The crib in Ellen Darcy's Boston home has sat empty for more than a year. And in suburban Washington, Laura Teresinski has prepared a nursery for a baby that may never arrive.
They and thousands of prospective parents, eager to adopt children from abroad, have found themselves in an emotional legal limbo since two of the most popular countries for international adoptions -- Guatemala and Vietnam -- recently halted their programs.
Now would-be mothers and fathers around the United States wonder what will become of their quest to adopt a child -- a pursuit that can fray nerves, cost up to $30,000 and span several years.
Guatemala announced this month that it would conduct a case-by-case review of every pending foreign adoption case.
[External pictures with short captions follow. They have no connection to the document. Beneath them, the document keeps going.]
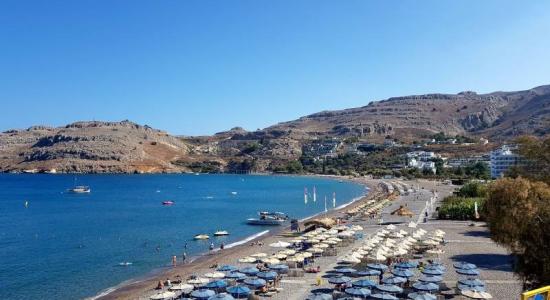 Plage de Vlicha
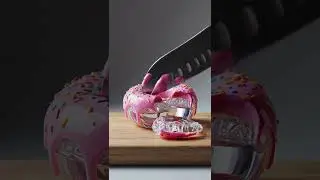 Ultimate Donut ASMR 🍩 | Crunchy & Crispy Macro Sounds for Relaxation #shorts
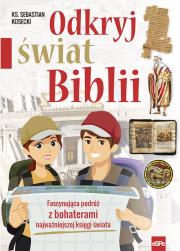 Okładka książki Odkryj świat Biblii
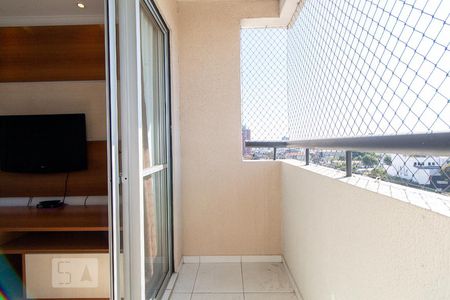 Varanda de apartamento à venda com 3 quartos, 63m² em Vila Esperança, São Paulo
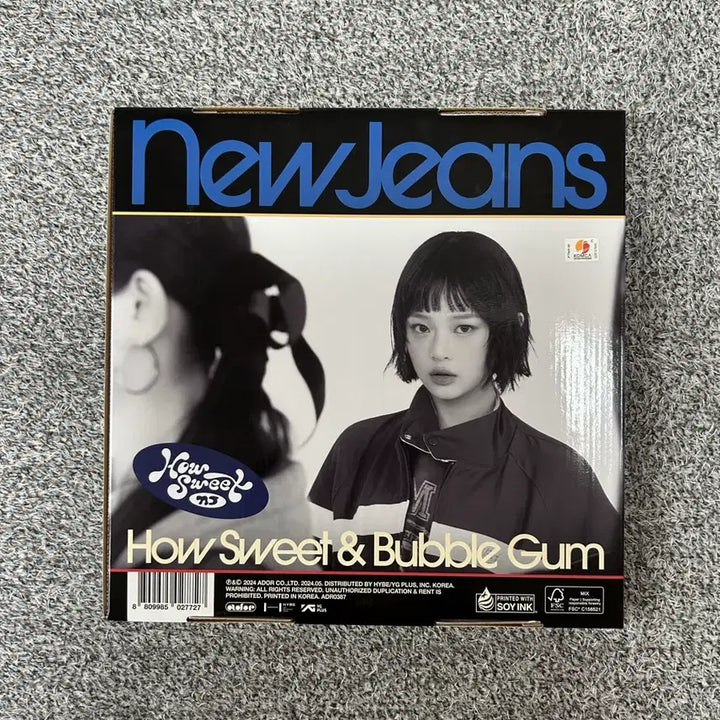[BUNJANG] NewJeans How Sweet (Hanni Version) Album Full Set (Excluding CD) / 뉴진스 How Sweet(하우스윗) 앨범 하니ver. [CD제외 풀구성]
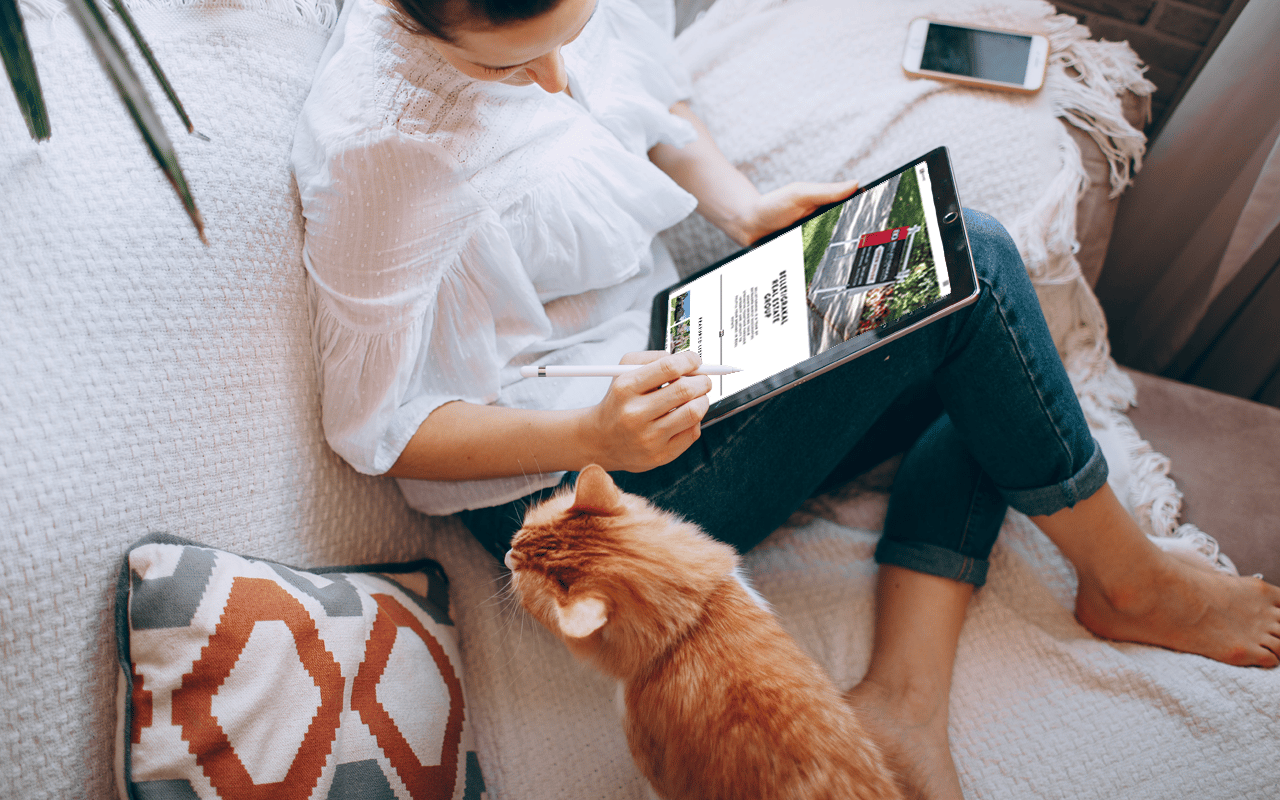 What were we searching for in real estate in 2020?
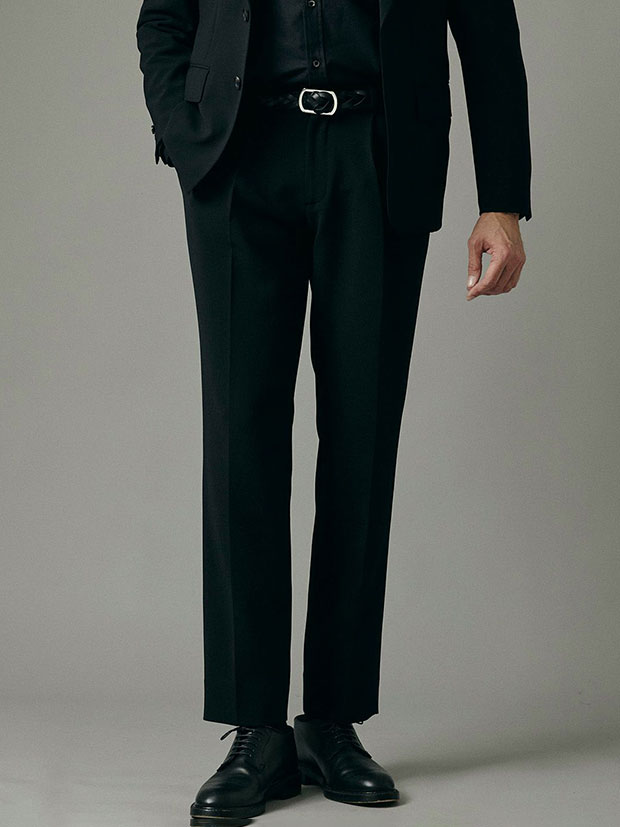 junhashimoto COMFY JACKET and COMFY PANTS / BLACK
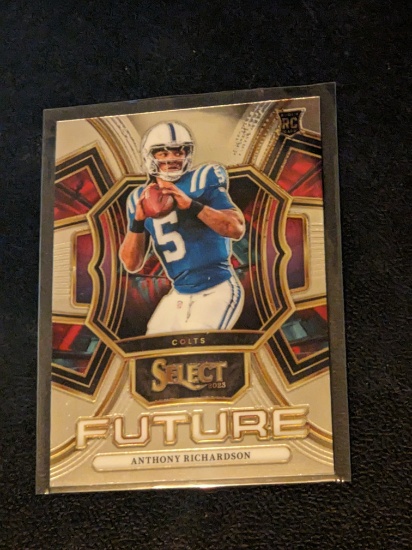 2023 Select Football ANTHONY RICHARDSON #FUT-ARI RC Rookie FUTURE - Colts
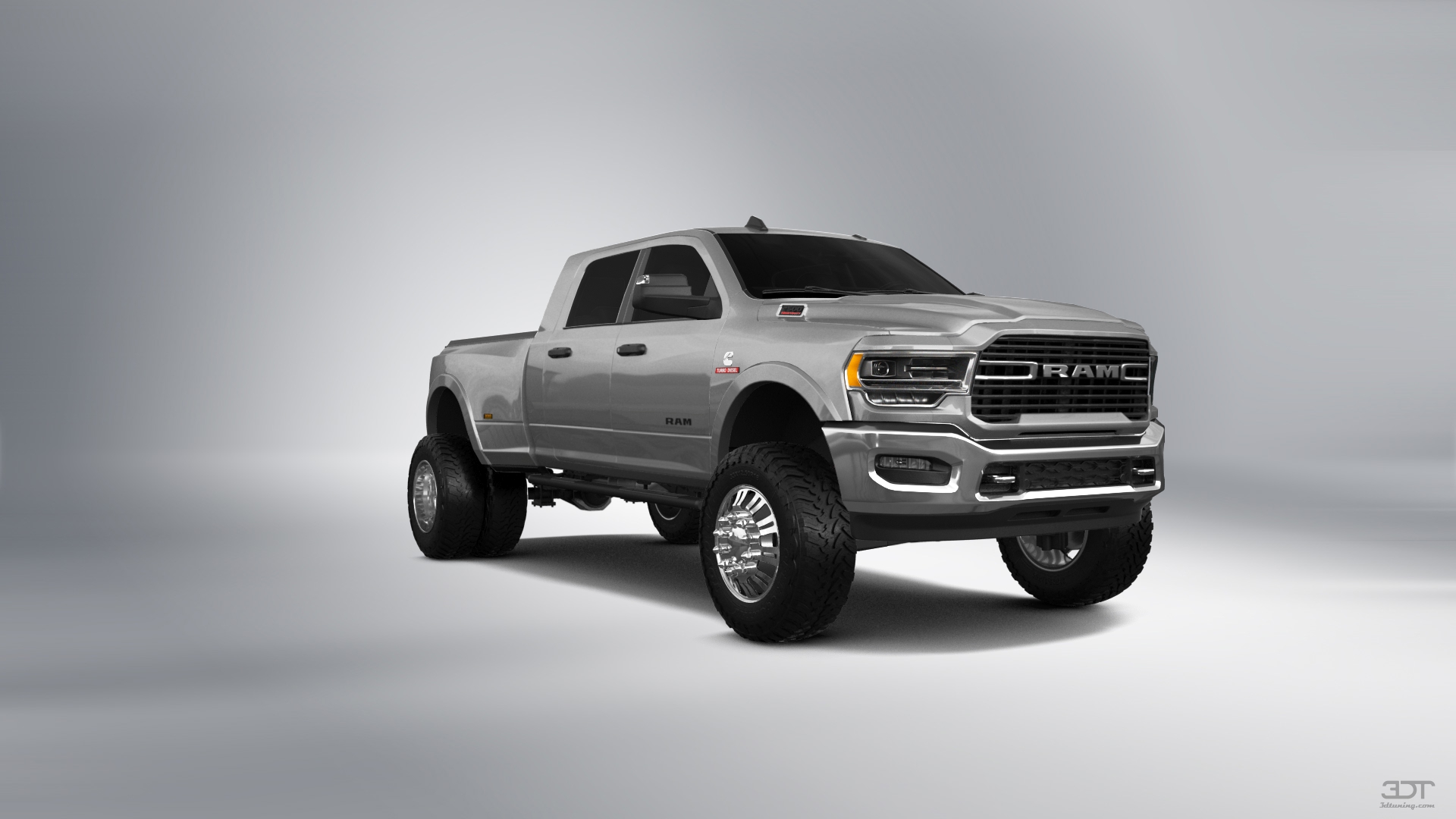 Dodge Ram 3500 4 Door pickup truck 2020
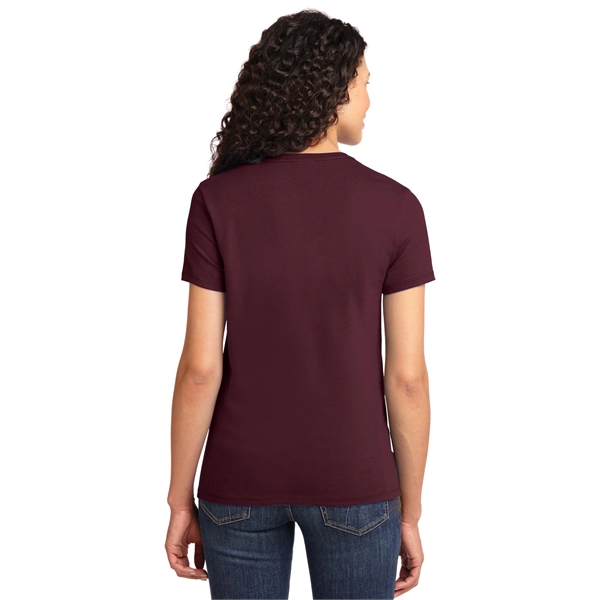Port & Co Women's Essential Tee. - Port & Co Women's Essential Tee. - Image 29 of 70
That put on hold the adoption plans of about 2,000 American families.
The crackdown comes amid reports that some in Guatemala coerce mothers to relinquish their children for adoption -- or steal the children outright and present them as orphans.
Similar accusations have arisen in Vietnam.
After the United States accused adoption agencies there of corruption and baby-selling, Vietnam said in April that it would no longer allow adoptions to the United States.
"My husband and I were absolutely devastated," Teresinski said. "Adoptive parents have put a lot of emotional energy and a lot of financial resources in the process."
Vietnam's decision affects several hundred families.
Families in the United States adopted 4,728 children from Guatemala and 828 from Vietnam last year.
The halt in adoptions from those two nations unfolds against the backdrop of a dramatic rise in international adoptions in the United States.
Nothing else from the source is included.